就任からほぼひと月の感想を問われると、「毎日が陸上競技の近代5種か10種の試合のようだ」とすかさずオリンピックにたとえてみせた。

自民党を敵に回して一人で戦う構図を演出し、圧勝した知事選。「崖から飛び降りる覚悟への共感が集票につながった」と冷徹に自己分析した。自らの発言や一挙手一投足、ファッションまでがマスメディアからSNSまでどう受け止められるか、計算し抜いた「小池劇場」を、この日の会見でも演じた。

「都庁の大盤振る舞い」を一夜にして改革した、と打ち明ける。「都庁が作る資料はA3判で、ファイルすらできなかった」。それをA4判に変え、両面印刷にせよと指示したのが、小池流都政改革の第一弾だったという。ただ、これがエコになるか否かは両論ある。「愛読書はドラッカーやコトラー」と組織マネジメントは経営学から学んだとPRした。
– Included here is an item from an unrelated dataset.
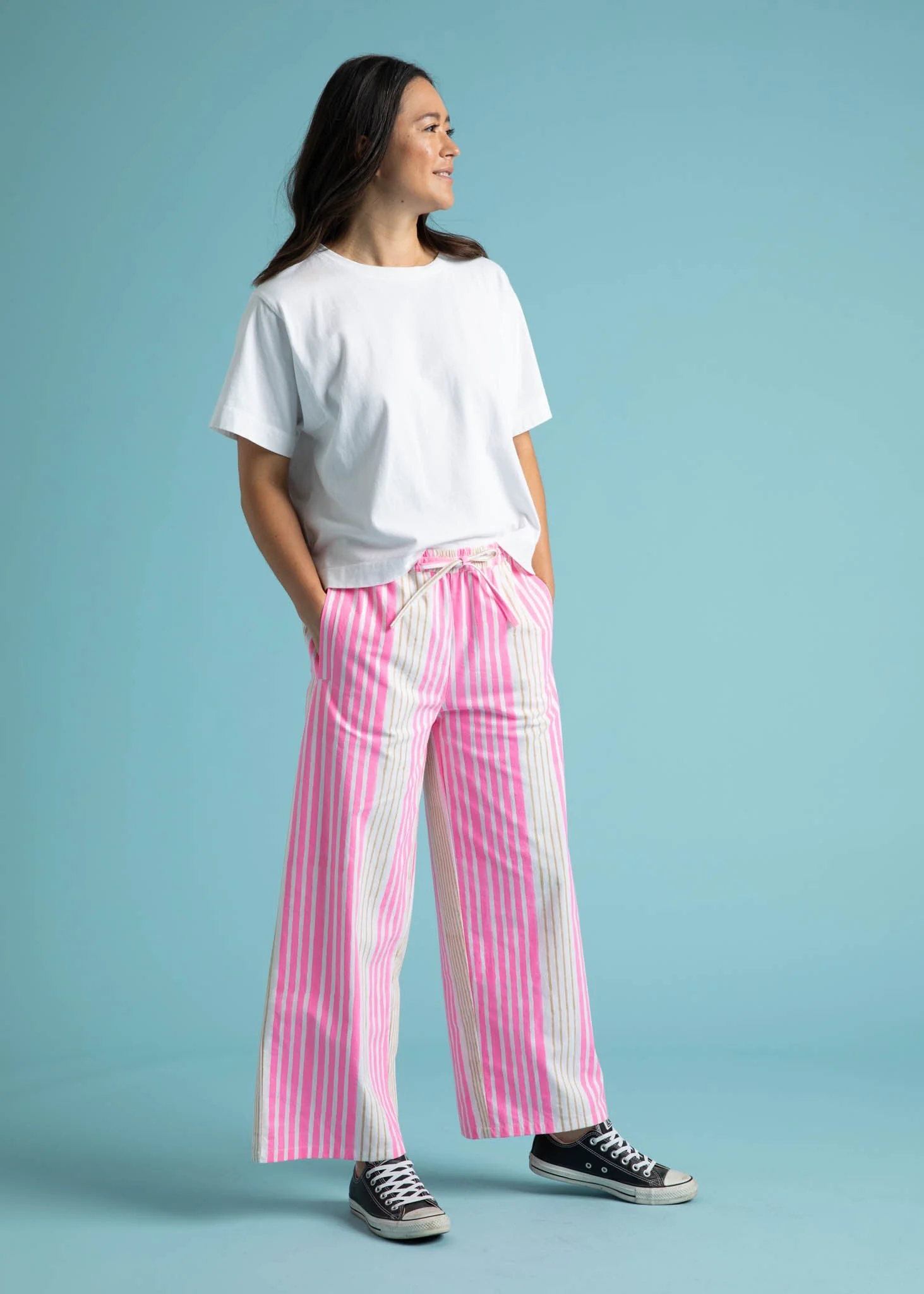Shore Pant - Mixed Up Stripe - Baked Clay & Neon Pink - Image 3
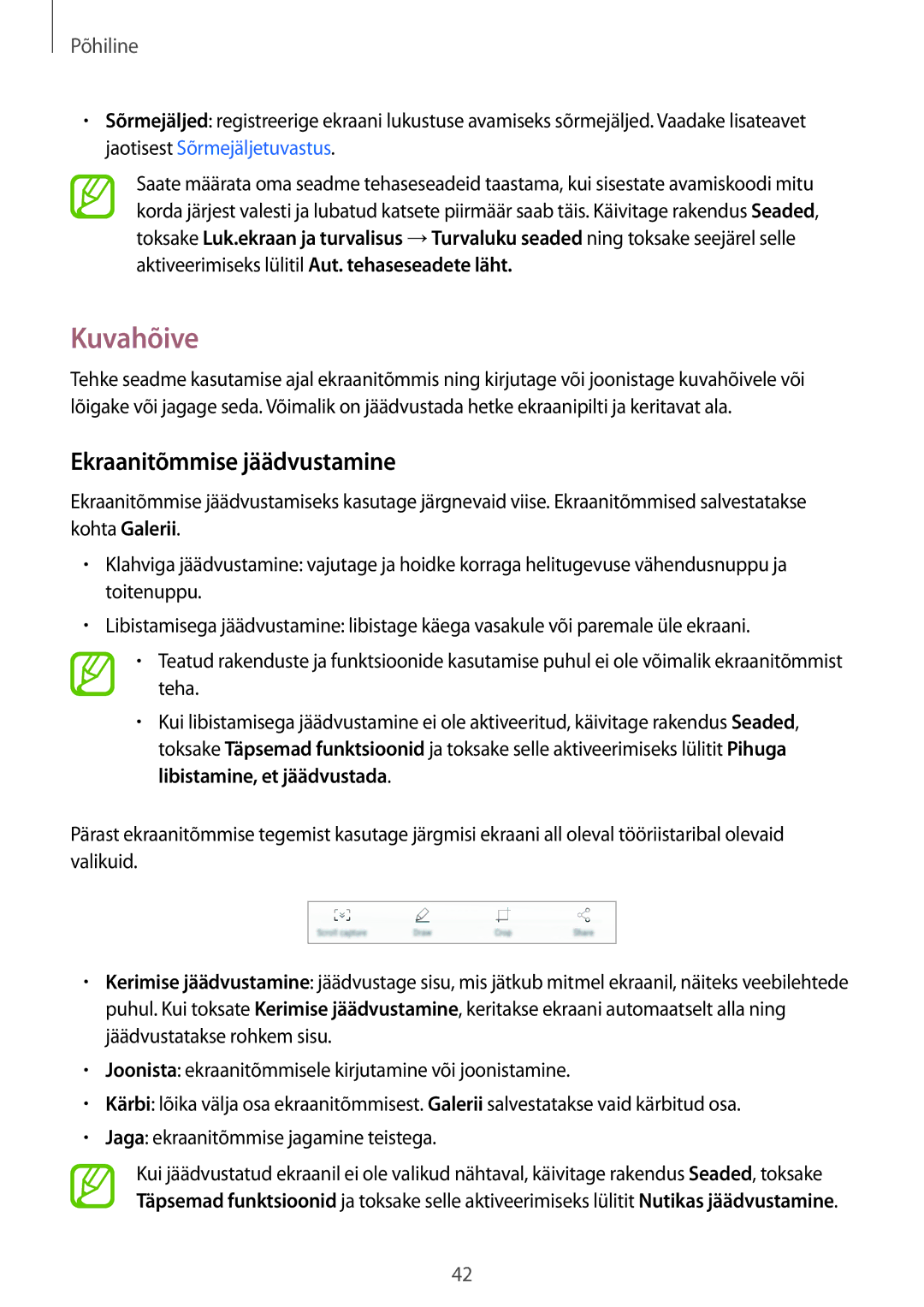 Samsung SM-A520FZIASEB, SM-A320FZKNSEB, SM-A320FZINSEB, SM-A520FZDASEB manual Kuvahõive, Ekraanitõmmise jäädvustamine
外部有識者を登用した都政改革本部。「波紋を呼ばなければ改革ではない。混乱が目的ではないが、混乱するのは既得権を持つ方だろう」と語気を強めた。築地市場の豊洲移転延期では、8年前の共著にも書いたとして「食の安全こそ市場の命という思いがずっとあった」と土壌汚染問題へのこだわりを力説した。
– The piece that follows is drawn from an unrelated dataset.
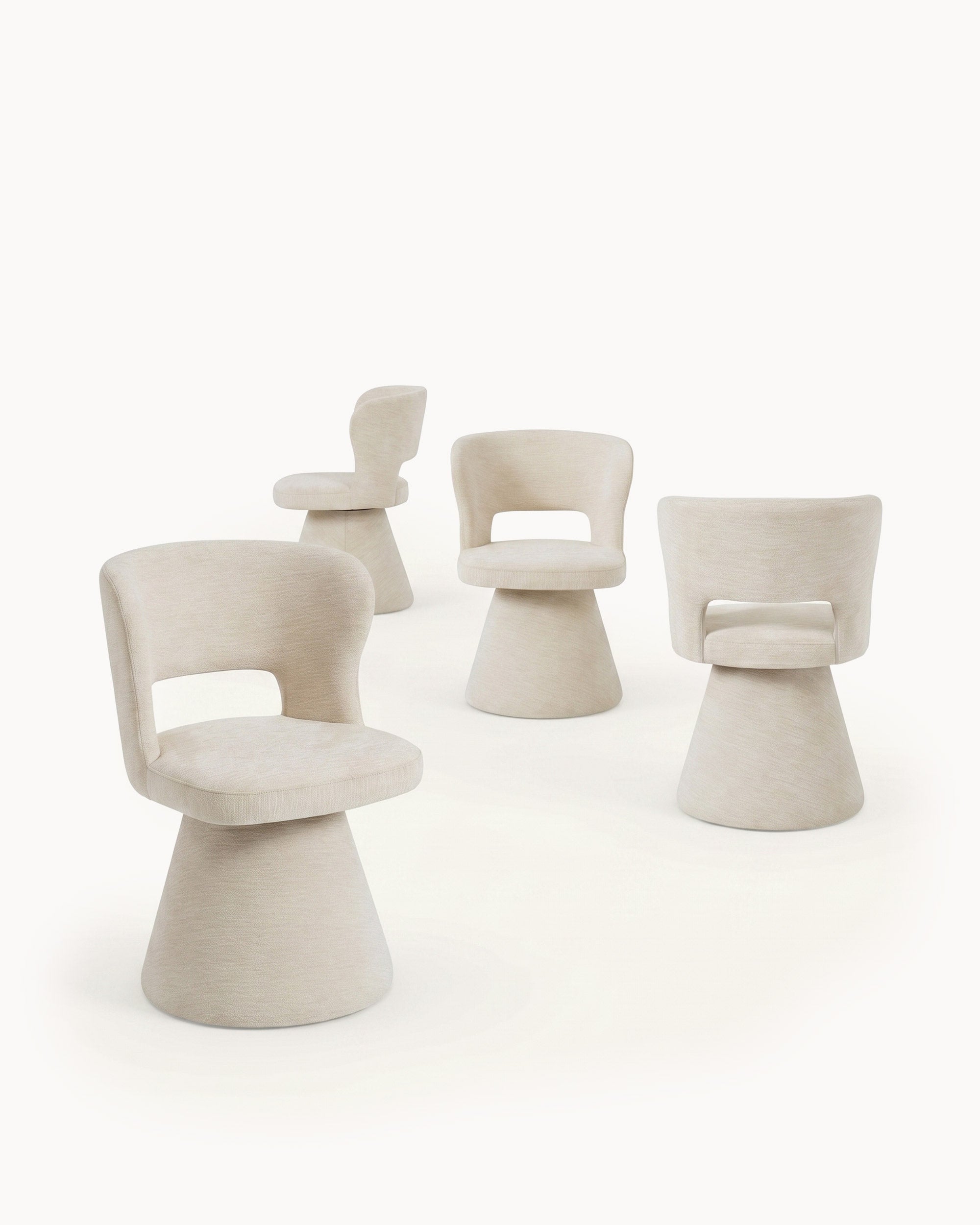 Pack of 4 MAROON swivel chairs (360º)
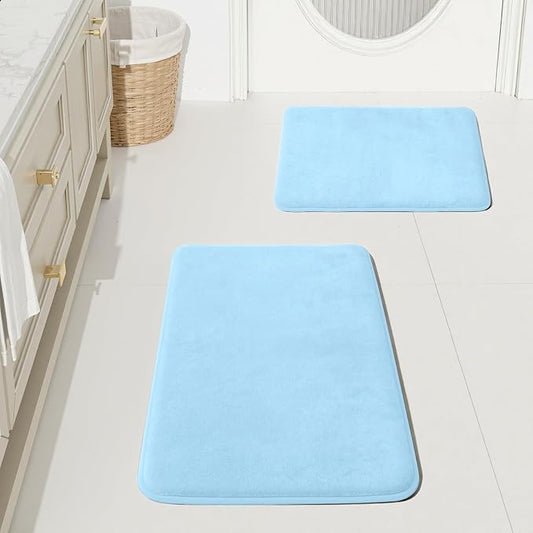 Bathroom Rugs Sets 2 Piece, Non-Slip & Quick Dry Bath Mat Set, Ultra Soft Velvet Bath Rugs for Bathroom, Toilet and Shower Floor, Light Blue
9月下旬からの都議会に触れ「知事給与報酬半減の公約に添う条例をつくる。それに議会がどう対応するかをよく見て判断する」と和戦両様の構えを見せた。その半面で「東京は国家戦略特区をもっと貪欲に使ってこそ、金融・環境先進都市をめざせる」と、安倍晋三首相の看板政策に寄り添うのは忘れなかった。
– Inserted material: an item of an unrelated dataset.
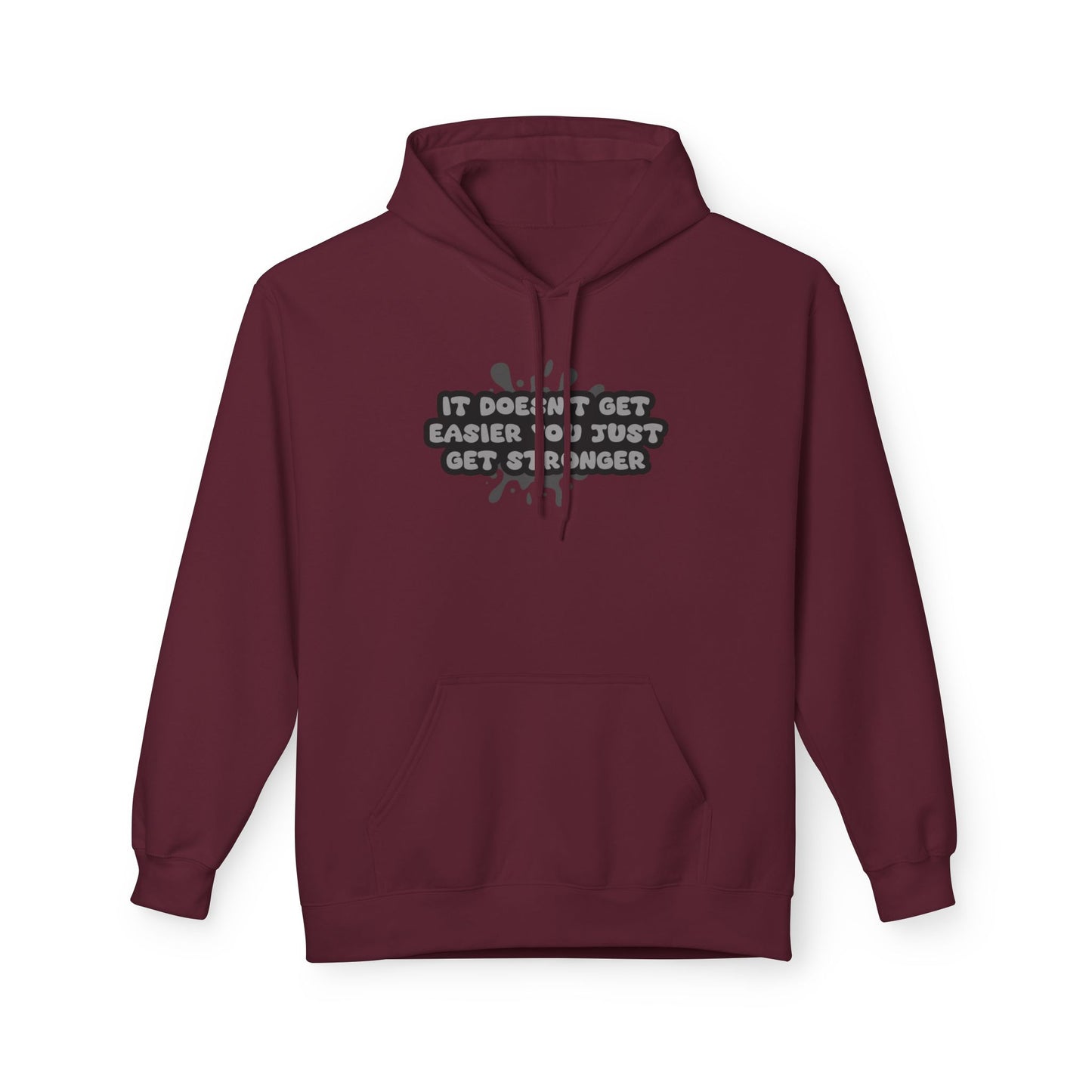 Maroon | 'Get Stronger' Motivational Performance Statement Hoodie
「都知事選で私の追っかけになったり、政治を身近に感じたりした人が結構いる。受け皿となる塾かワークショップを開くのもいい」と「小池政治塾」開設に意欲を示した。若き日のエジプト留学を「遠くから見る日本への思いが強くなり、日本を見いだした5年間だった」と振り返った。飛び込んだばかりの都政から、国政を遠望するようにも聞こえた。